For all its gravitas, the splendor of its neoclassical architecture, its tennis court, bowling alley, swimming pool, 128 rooms, 35 bathrooms, 28 fireplaces, and five full-time chefs, the sandstone edifice at 1600 Pennsylvania Avenue is still, in the most basic sense, a house. And when it comes to making a house feel like home, a dog goes a long way.
Construction of the White House was completed on November 1, 1800, and since then it has housed more than 100 presidential pooches. They’ve run circles through the hallowed halls of American democracy, walked stride for stride with historic world leaders, and, at least in the case of Gerald Ford’s golden retriever, Liberty, relieved themselves on the Oval Office rug. Ford, to his credit, would not allow a Navy steward standing nearby to clean up the mess. “I’ll do that,” said the Commander-in-Chief. “No man should have to clean up after another man’s dog.”
Some of these First Pups were already part of presidents’ lives, while others were acquired under the auspices of their leadership. Franklin Pierce’s six-pound Japanese Chin, for example, was a gift from Japan in 1854, delivered to the president by Commodore Matthew Perry, the naval officer who spearheaded Japan’s reopening to the west after 200-plus years of strict isolationism. All but four U.S. presidents had pets of some sort; we’re not counting the mice Andrew Johnson fed by leaving flour and grain on his bedroom floor. Rivaled only by the adventurous Teddy Roosevelt, President Calvin Coolidge was among the most animal crazy, turning the White House into a Dolittle-esque menagerie that included seven birds, two cats, two raccoons, two lion cubs, a donkey, a bobcat, a pygmy hippo, a wallaby, and more, if you can believe it. Of course, Coolidge was also rather fond of dogs, keeping 12 of them at the presidential residence. “Any man who does not like dogs and want them about does not deserve to be in the White House,” he proclaimed.
Founding Fathers Washington, Adams, Jefferson, and Monroe were all dog owners, but it wasn’t until Lincoln that presidential dogs started making the news. And at first, it wasn’t for a good reason…
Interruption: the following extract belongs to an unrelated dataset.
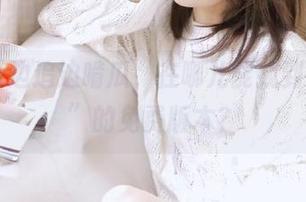边追边啃瓜，在哪儿能找到“hlw”的免费版本？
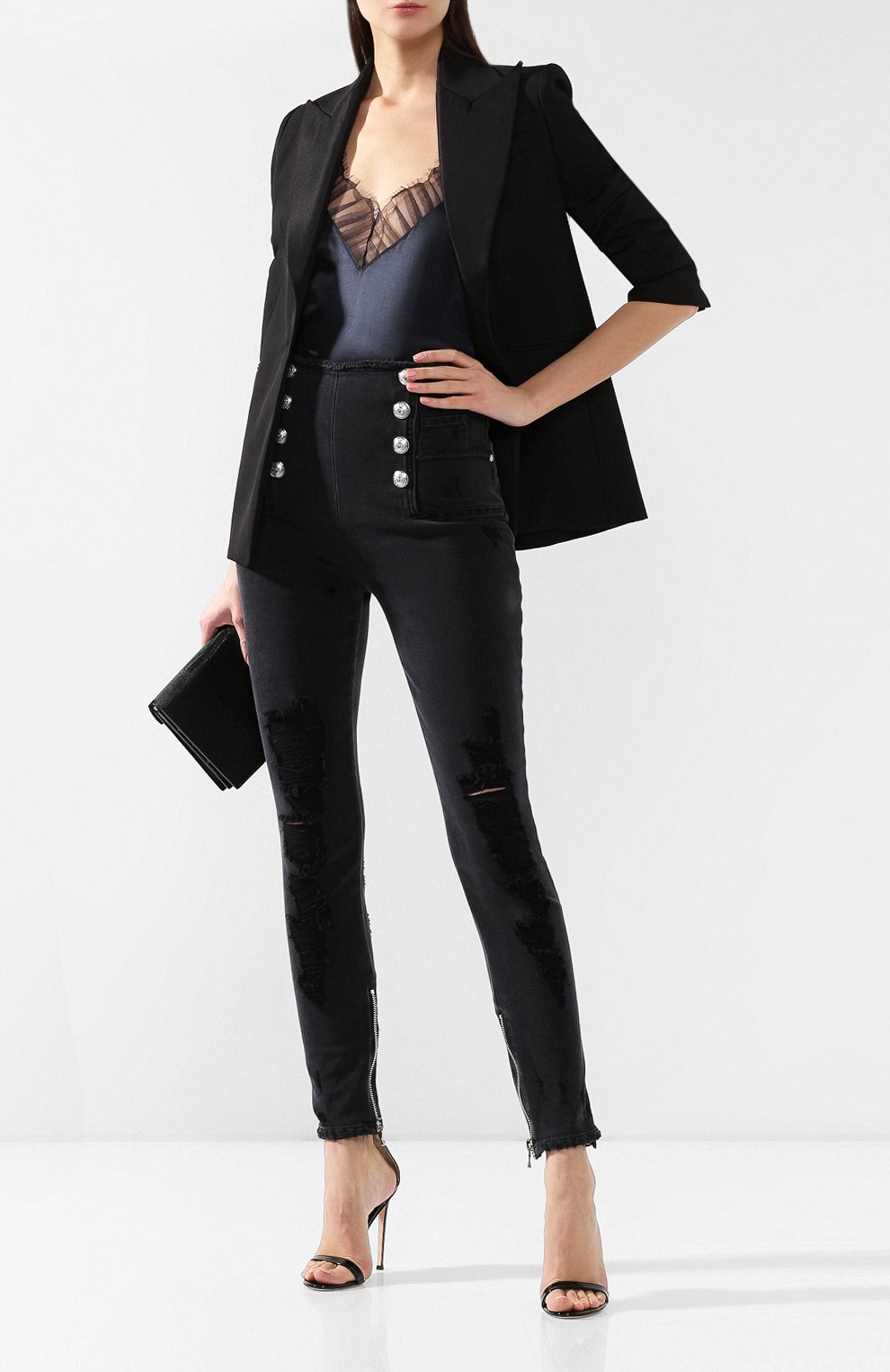 Джинсы с потертостями BALMAIN черного цвета по цене 106500 руб., арт. RF15306/D027, фото 2 Джинсы с потертостями BALMAIN, арт. RF15306/D027, фото 2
Abraham Lincoln's Yellow Labrador

Fido never lived in the White House with Lincoln, who opted to leave his furry friend at home in Springfield, Illinois. Then, a year after the president’s assassination, Fido befell the same grisly fate. The dog had been in the care of John E. Roll, an old friend of Lincoln’s. “We possessed the dog for a number of years,” Roll’s son, Johnny, told LIFE in 1954, just weeks before his death at the age of 90. “One day the dog, in a playful manner, put his dirty paws upon a drunken man sitting on the street curbing who, in his drunken rage, thrust a knife into the body of poor old Fido. He was buried by loving hands. So Fido, just a poor yellow dog, met the fate of his illustrious master — assassination.” Many sources, including the American Kennel Club, contend that “Fido” as a generic stand-in for any dog comes from Lincoln’s Lab.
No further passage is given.